- **Data under study**

· · ·

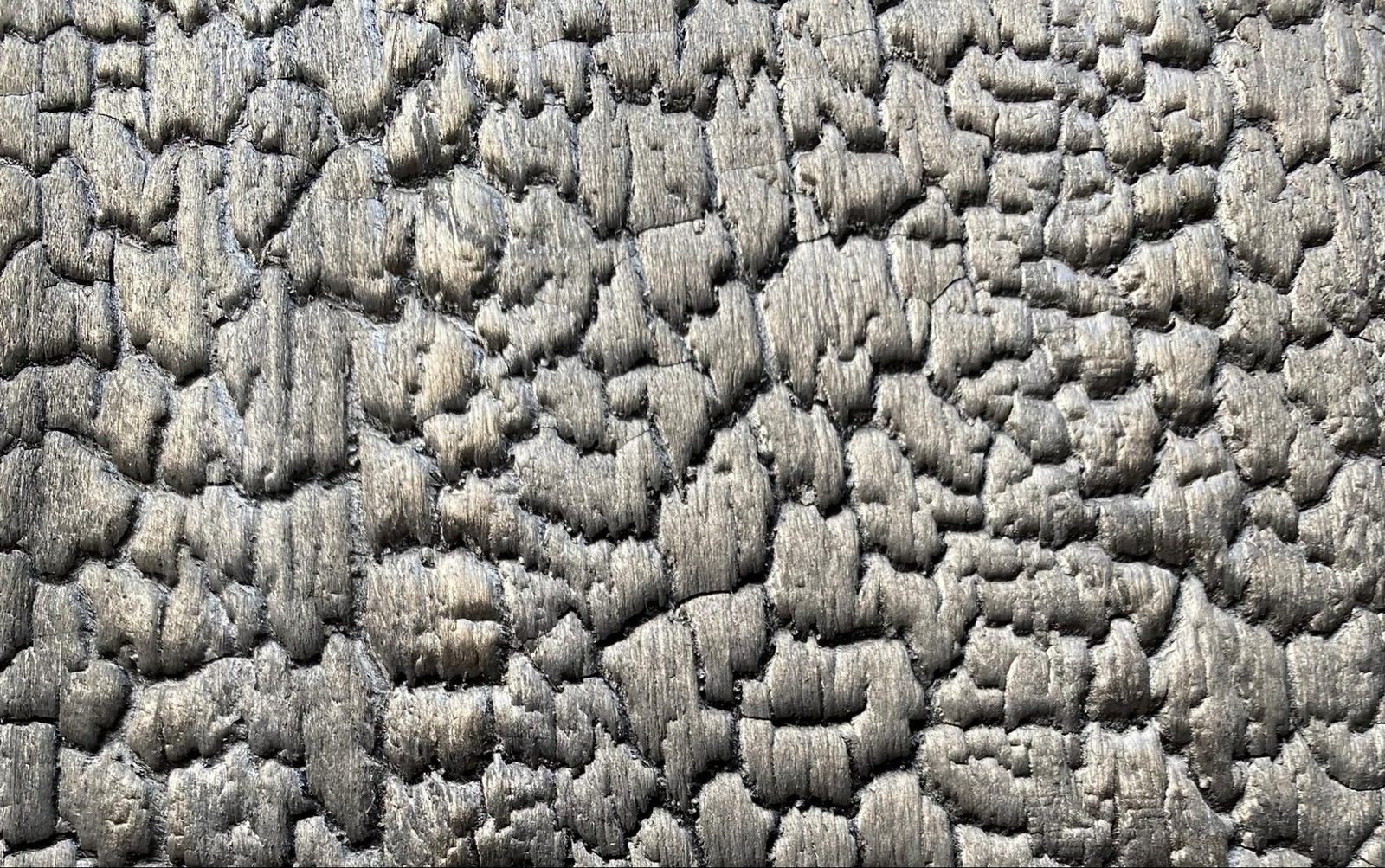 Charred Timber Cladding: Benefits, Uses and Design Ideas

· · ·

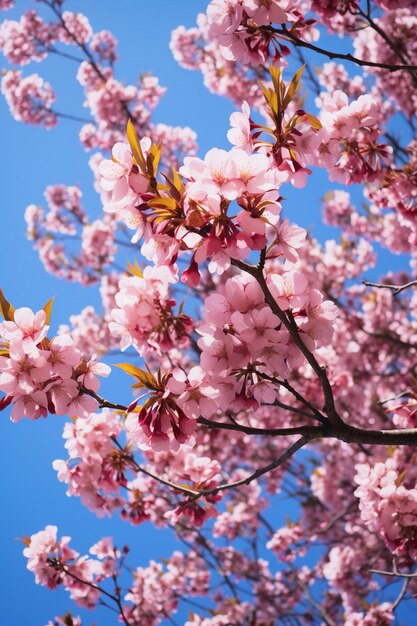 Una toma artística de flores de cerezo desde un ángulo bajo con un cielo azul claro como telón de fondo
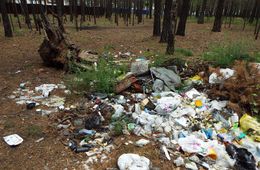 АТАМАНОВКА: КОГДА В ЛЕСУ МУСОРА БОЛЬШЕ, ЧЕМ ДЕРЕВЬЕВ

· · ·

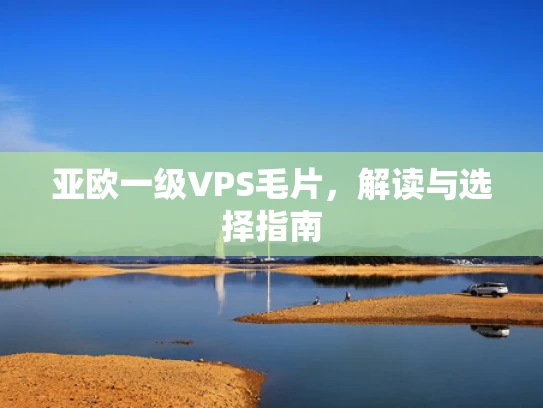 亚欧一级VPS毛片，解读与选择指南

· · ·

- **Task details**
Take the lines above starting at the one containing "Una toma artística" and ending at the one containing "АТАМАНОВКА: КОГДА В", and print them again exactly, without pictures.

- **Result of this task**
 Una toma artística de flores de cerezo desde un ángulo bajo con un cielo azul claro como telón de fondo
 АТАМАНОВКА: КОГДА В ЛЕСУ МУСОРА БОЛЬШЕ, ЧЕМ ДЕРЕВЬЕВ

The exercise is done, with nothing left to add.